Tag Archives: characters

Random Update

No featured blog this week, but I will let you all in on some nonsense.

The blogging tribe idea has gotten a very slow start.  We’re all trying to hold onto our enthusiasm, I think.  My work schedule has included far too many 10-our shifts for my liking, so it’s been hard to really kick things into high gear on my end.  In all straight up honesty, I can’t wait to move back to MA.  Firehouse is draining me of anything that brings me even the faintest bit of joy.

On the up side, I plan to be back in Massachusetts by March.  I’m either taking up bartending or hairdressing, I haven’t decided which, but both look like some measure of fun, even if it’s only to find out I’m terrible at one or both.  I need to keep writing, and that’s been a bit of an issue lately.  I’ve been working at some flash fiction pieces that I’ll share soon, as well as some character creation.  In another realm of things, I’m getting myself situated with making candles and beauty products.  My new shop, The Midnight Magpie, will be open online hopefully within the month.

I know, I’ve got my hands in a lot of different pots right now, but I really need to find some measure of happiness in my life before I go completely insane.

On that note, expect a Flash Fiction piece on Wednesday, featuring a new character.  In fact, the next two weeks will feature brand new characters!    Yay!

Okay, enjoy your Monday.



Filed under Life

Writing Prompt: The First Lie

Salut!  So, some of you must be wondering what happened to my posts for the last week and a half.  WordPress decided that it won’t post my scheduled posts in full.  The post text is deleted and replaced with my initial draft line, like the post was never saved.  So, I apologize for any emails that didn’t link to posts.  I think I have it under control.  To rectify the situation, both of the last two Writing Life posts will be posted this weekend.

LfBH will now be posted bi-weekly.  I can’t keep up with the volume and quality, and if I want to have less editing work later, I need to put the time in to make sure each post is up to standard.  The next LfBH installment will go up on Monday, October 24.  I know, it’s a long time from now, but I’m plotting a NaNo novel, and editing the hell out of the first 13 chapters of LfBH.  So, wish me luck.  =]

Now, for the writing prompt!

Write a scene in which a lie lands yourself or your character into a pot of hot water!


Filed under Writing Exercise Friday

Prompt: Familiar

Gwin © Inkheart - Cornelia Funke

This is vague.  I want you to really reach here, because this concept has been done a thousand times five times over.  I want you to… *drumroll*  ….. tell me about your animal companion/familiar!  Or a character’s animal companion/familiar.  How did you/they come to be together?  How do you/they communicate?   Tell me the story. <3


Filed under Writing, Writing Exercise Friday

Writing Life: Clustering

How many of my loves use clustering as an initial plotting technique?  Anyone?  Well, I’m here to give you as many reasons as I can why you should.

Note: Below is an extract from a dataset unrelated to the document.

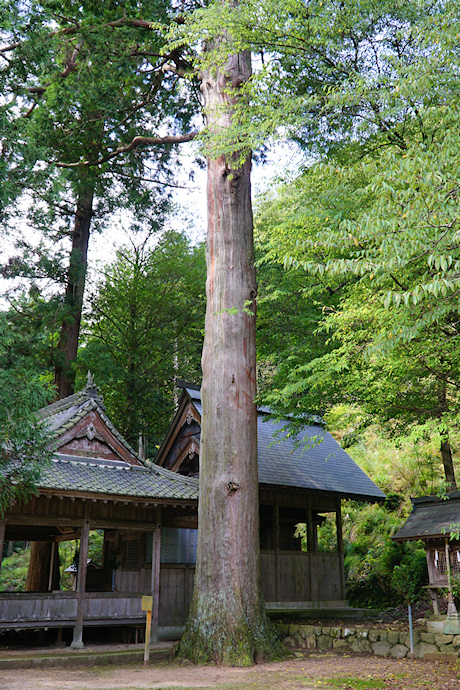 門田神明神社のヒノキ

Let’s start with this: clustering empties your brain.  The rules of clustering state that you need to write down ANYTHING that comes to mind, even if it doesn’t connect to anything else.  Write it down, no matter how ridiculous, because you never know when you’ll find that gem that connects points A and C with the ever-elusive B.  It’s like really messy, bullet-point free-writing.

My good friend Coffee over at The Land of Man-Eating Pixies recently posted about something her shop teacher said, and it’s really brilliant.  It’s the ENTIRE reason I swear by clustering (even if he wasn’t talking about clustering =P).

“Your brain is filled with stupid. There’s layers and layers and layers of stupid in your brain. So you have to give yourself fifteen minutes and a couple sheets of paper, and you have to write down every idea that pops into your mind. Even the ones that suck. Because you have to empty out all that stupid and maybe something halfway decent will trickle out. And you’ll be like, ‘WHOA WHERE DID THAT COME FROM? THAT’S ACTUALLY KIND OF GOOD.’ And the only reason you’ll have that halfway decent idea is because you emptied out all the stupid.”

I adore her for sharing this.  You guys need to visit her blog.  MOVING ON.  Yes, you need to empty out all the crappy ideas, because you never know when one crappy idea winds up as an integral part of your hook.

What is clustering?  Let me illustrate.

Messy photography, I apologize.

1.  Color-coded legend!  You don’t have to use highlighter, but I do.  Yellow for settings and locations, pink for characters and character relationships, and orange for groups and organizations.

2.  The actual cluster.  You start by writing a name, an event, a setting, plot point, etc. in the center.  From that center point, you write any connection you can make to it, then you branch off by making connections to the connections.  On the lines that connect them, you can write why their connected, catalysts, necessary information, etc.  Seriously, write ANYTHING that comes to mind.  If it doesn’t connect, don’t connect it.  If you don’t like it later, take it out.  In this way, clustering functions like free-writing; removing any mental blocks you may have between A and B and giving you deeper insight into the connections between characters and events in your story.

3.  Bullet points that detail this and that within the cluster.  If I hit on a point I like, I toss it up in the bullet points.  Sometimes it even turns into a faint starter outline.  It’s handy.

4.  Believe it or not, this is actually part of the original cluster.  It erupted into a detailed plan and layout of the city in which this all takes place.  All I’m missing is the drawing.  It’s easy to get carried away in clustering, after all, and that’s encouraged!  Anything that propels you forward.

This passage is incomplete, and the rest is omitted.